ECW Title: Shane Douglas vs. Sandman

Sandman means nothing at all yet and is from the beach still. Shane is part of the Dangerous Alliance and has Heyman with him to a HUGE pop. Shane with dark hair is weird to put it mildly. He and Heyman leave for no apparent reason and the fans are all over Sandman. We do the ten count thing or Shane loses the title. He makes it by like 6 and here we go.

Shane has tassels on his boots ala Ultimate Warrior. That’s something he did later in his career and I never liked them on him. Small package gets two for Sandman and then Shane takes over. Remember that this is still just a regional title at the moment and it really means little at the end of the day. Shane dominates with basic stuff and this is yet again, boring.

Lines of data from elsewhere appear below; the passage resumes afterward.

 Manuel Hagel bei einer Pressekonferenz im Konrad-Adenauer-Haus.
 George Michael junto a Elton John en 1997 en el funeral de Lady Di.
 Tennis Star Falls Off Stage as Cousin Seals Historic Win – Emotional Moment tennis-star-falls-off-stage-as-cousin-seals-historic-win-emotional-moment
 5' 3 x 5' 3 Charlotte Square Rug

The fans think this is boring and Joey says they’re cheering for Sandman. Not a bad little spin on it I guess. The camerawork begins an ECW tradition of not being able to stay on the action and instead looking at the empty part of the ring. Sandman with a flying tackle off the top and down goes the referee. Paul comes in with the phone and Shane gets a shot with it for two. A top rope cross body is rolled through and the tights end it for Shane as he retains.

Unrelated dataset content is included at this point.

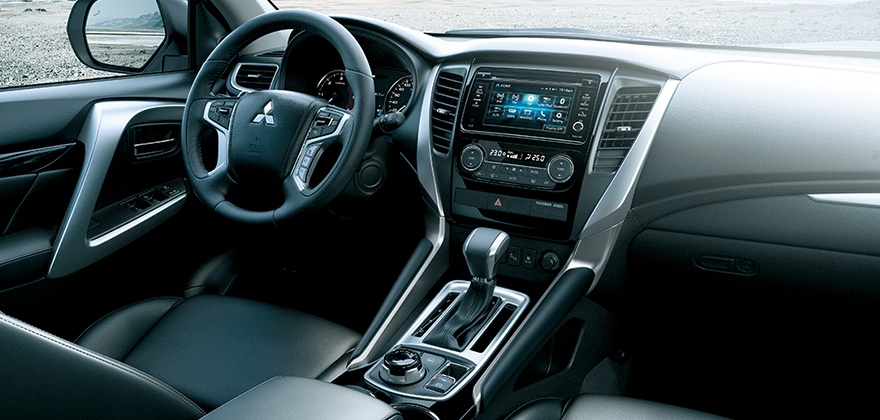 Mitsubishi Pajero Sport Generasi Baru Meluncur di India 2 interior pajero sport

Rating: D+. Not bad but if they were going for epic this was WAY too short. Sandman would begin his transformation into his more famous persona soon enough. Shane would be considered God in ECW forever and few would care. This was a title match for the sake of a title match and was pretty boring, much like most of the card. There were few storylines to speak of at this point, but that would all change soon enough.

Headhunters vs. Crash the Terminator/Miguel Perez Jr.

The Headhunters are two big fat guys that look alike from Puerto Rico. Migues Perez was one of Loc Boricuas. Crash is more commonly known as Hugh Morrus or Bill DeMott. THIS is the main event? There are baseball bats involved here somehow but I can’t understand the ring announcer. There’s something about counting from ten to zero. Ah ok. The bat is in the ring and we start at opposite sides of the ring. At the end of the countdown you rush the ring and whoever gets the bat first can use it. That makes sense.

Perez gets it and hands it to Crash. Shouldn’t a bat to the back half kill you? Joey busts into a chorus of Take me Out to the Ball Game in a funny line. It’s another brawl where we can’t see anything. Crash went through a wall. Miguel takes like five bat shots and is fine. There’s a HUGE hole in the wall where the other two went through it. Ok the bat shots are just stupid now as there have been at least thirty combined of them.

The referee just strolls around the ring out of boredom which is funny for some reason. Perez misses a Lionsault so bad that it makes Starship Pain look perfect. Miguel and a Headhunter (Joey doesn’t know their names either and they’re more or less identical) go up the scaffold. Everyone misses a top rope move as the scaffold means nothing apparently. A Headhunter hits a moonsault to end this insanity. This was for a Japanese tag title apparently. Thanks for letting us know that.

Rating: D+. Just pure insanity but since I COULDN’T SEE MOST OF IT I can’t say it was good. ECW always had a big problem with their camera work and this was no exception. You couldn’t see anything and the match is completely uninteresting because of it. The bat stopped being important about three minutes in and then it was just pounding on each other. Odd as hell choice for the main event too.

Overall Rating: D. Other than historical purposes, there’s no reason to watch this. The Eastern company was pretty bad for the most part and this was no exception. There was a weird hybrid kind of thing here with Gilbert’s stuff and Heyman’s stuff and since there was very limited character development and even fewer stories, this comes off as one big mess. I guess it would be better if I watched the show regularly, but this just isn’t that ogod. Historically significant? No not really as it was still a lot of the old ECW guys. Heyman didn’t really get on the map until the Night the Line Was Crossed, which I’m about to start. Let’s see how good he can be, because this wasn’t it.